The FSI's latest State of Forests report has estimated India's forest and tree cover has since 2015 increased by 1 per cent with forests expanding to 708,273sqkm (21.54 per cent) and tree cover to 93,815sqkm (2.85 per cent) of geographical area by 2017.
The estimate implies that nearly one-fourth of the country's geographical area is under forest or tree cover.
The estimation exercise has found a reduction of over 1,000sqkm in the forest cover in five northeastern states - Mizoram, Nagaland, Arunachal Pradesh, Tripura and Meghalaya. But these losses have been offset by forest cover gains in Assam and Manipur.
The states where the forest cover has expanded include Andhra Pradesh, Bengal, Karnataka, Kerala, Maharashtra, Odisha and Telangana.
Bengal has added 21sqkm forest cover, which FSI officials say can be attributed to plantation activities mostly outside recorded forest areas and because of conservation efforts on the coastal mangrove vegetation.
Forest officials cite a net 9,525sqkm increase nationwide in very dense forest over the past two years as evidence of qualitative improvements in forest cover.

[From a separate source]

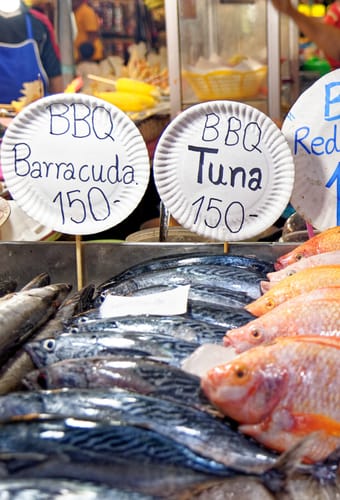 fiskemarket ved ao nang krabi thailand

Over 12,000sqkm of moderately dense forest land has since 2015 turned into very dense forest.
"This implies that pressures from grazing, firewood collection and tree-felling have reduced or are being managed," Vikram Elavarasan, deputy director at the FSI, Dehradun, said.
But the report also has evidence of continued loss and degradation of forest. Over 11,000sqkm of moderately dense forest degraded into open forests.
The forest losses in the northeastern states are primarily because of shifting cultivation - a practice in which the local communities "borrow" patches of forest to grow crops for short periods of time - development activities and rotational felling of trees.
The harvesting of rubber plantations in Tripura also contributed to the state's 164sqkm decline in forest cover since 2015.
The FSI for the first time has also assessed water bodies in and close to forest areas and found that their area has increased by about 2,647sqkm since 2005.
The report, citing an international forest mapping effort, has ranked India 10th in the world on the extent of forest cover, behind Russia, Brazil, Canada, US, China, Congo, Australia, Indonesia and Peru.
Senior FSI officials have attributed the increase in the forest cover in several states to successful agro-forestry practices, transformation of scrub areas to forest areas, increase in mangrove cover and conservation and protection activities.